Collecting telemetry data while trying to boot air-cooled compute nodes increases the burden on the BMCs and increases the likelihood of BMC issues. The most likely time to encounter BMCs in a bad state is when trying to boot air-cooled compute nodes and User Access Nodes (UANs) using the Boot Orchestration Service, or when trying to do a firmware or BIOS update on the nodes. Check the service logs of PCS/CAPMC and FAS for error information returned from the BMCs.

Recommendations for polling

The following are the best practices for using the HMS Collector polling:

  • Polling of air-cooled nodes should be disabled by default. Before nodes are booted, verify that cray-hms-hmcollector polling is disabled.

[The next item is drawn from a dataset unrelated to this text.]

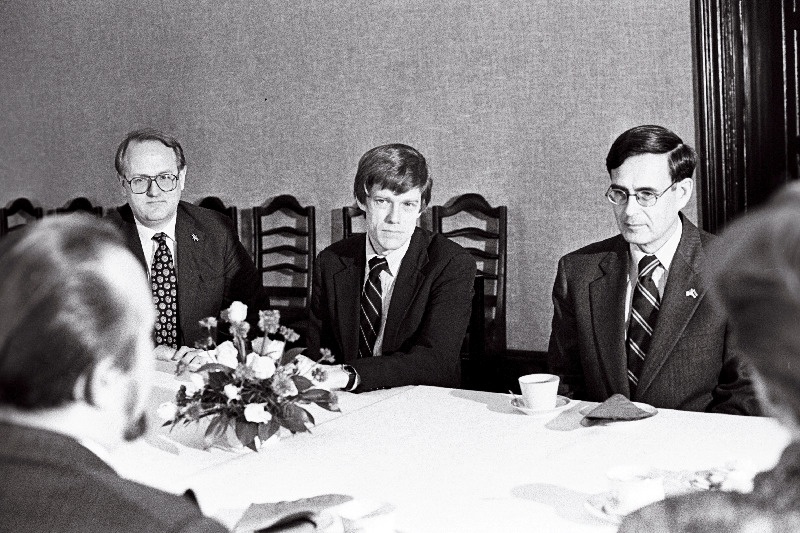 USA kõrged riigiametnikud Balti riikides. Paul Goble, Jon Purnell ja Curtis W. Kamman Toompeal.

    • (ncn-mw#) To check if polling is disabled:

      kubectl get deployments.apps -n services cray-hms-hmcollector -o json | \
               jq '.spec.template.spec.containers[].env[]|select(.name=="POLLING_ENABLED")'
      
    • (ncn-mw#) To disable polling, if it is not already disabled:

      kubectl edit deployment -n services cray-hms-hmcollector
      

      Change the value for the POLLING_ENABLED environment variable to false in the spec: section. Save and quit the editor for the changes to take effect. The cray-hms-hmcollector pod will automatically restart.

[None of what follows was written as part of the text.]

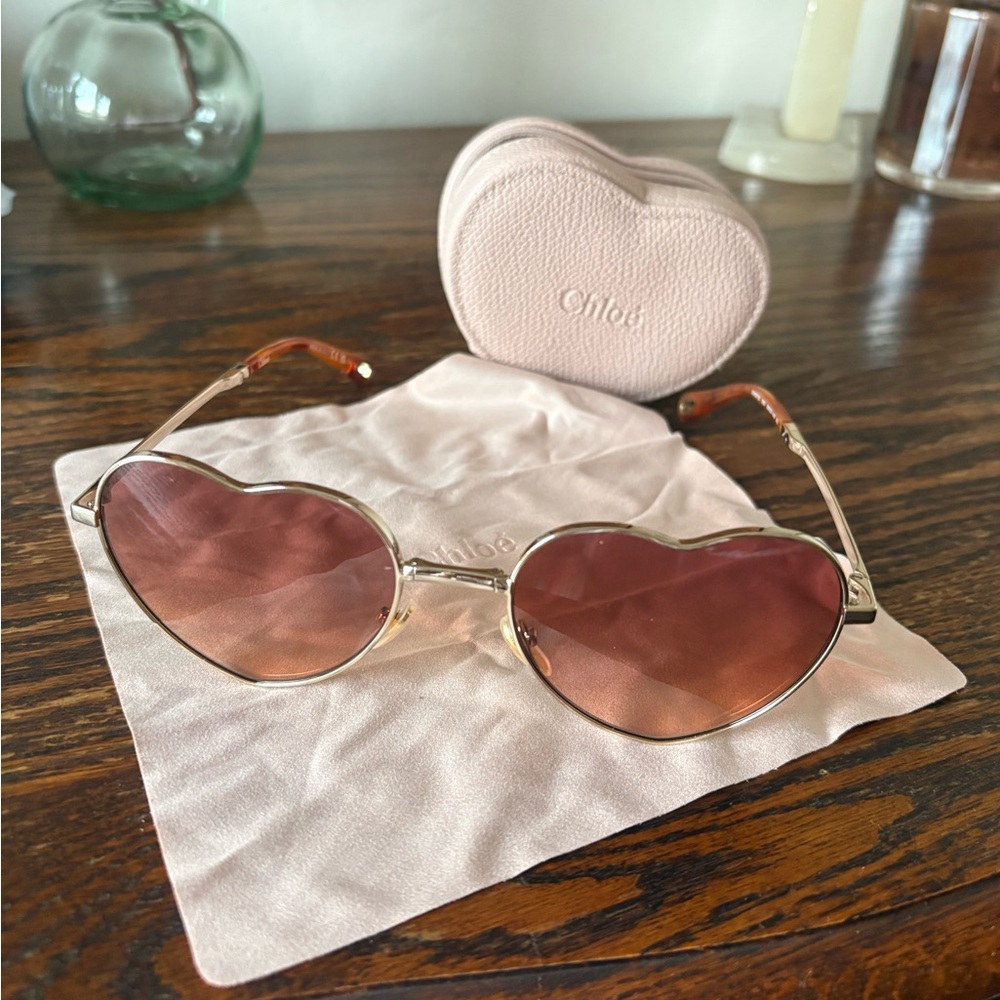 Heart-Shaped Sunglasses Chloe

  • (ncn-mw#) Only enable telemetry polling when needed, such as when running jobs.

    kubectl edit deployment -n services cray-hms-hmcollector
    

    Change the value for the POLLING_ENABLED environment variable to true in the spec: section. Save and quit the editor for the changes to take effect. The cray-hms-hmcollector pod will automatically restart.

  • (ncn-mw#) If BMCs are encountering issues at a high rate, then increase the polling interval. Do not set the polling interval to less than the default of 10 seconds.

    kubectl edit deployment -n services cray-hms-hmcollector
    

    Change the value for the POLLING_INTERVAL environment variable to the selected rate in seconds. This value is located in the spec: section. Save and quit the editor for the changes to take effect. The cray-hms-hmcollector pod will automatically restart.

Reset BMCs in a bad state

Even with the polling recommendations above, it is still possible for the BMCs to end up in a bad state, necessitating a reset.

(ncn#) To restart the BMCs:

read -s is used to prevent the password from being written to the screen or the shell history.

USERNAME=root
read -r -s -p "BMC ${USERNAME} password: " IPMI_PASSWORD
export IPMI_PASSWORD
ipmitool -H BMC_HOSTNAME -U "${USERNAME}" -E -I lanplus mc reset cold

If the reset does not recover the BMCs, then use the following steps to shut down the nodes, unplug the servers, and plug them back in:

  1. (ncn#) Shut down the nodes.

    For each server with a BMC in a bad state:

    ipmitool -H BMC_HOSTNAME -U "${USERNAME}" -E -I lanplus chassis power soft
    

    Wait 30 seconds after shutting down the nodes before proceeding.

  2. Unplug the server Power Supply Units (PSUs) and wait 30 seconds.

  3. Plug both server PSUs back in.

    Wait at least two minutes before proceeding.

  4. (ncn#) Verify that the BMCs are available again.

    ping -c 1 BMC_HOSTNAME
    
  5. (ncn#) Check the power state of the nodes.

    cray power status list --xnames LIST_OF_NODES
    

After these steps, the nodes should be ready to be booted again with the Boot Orchestration Service (BOS).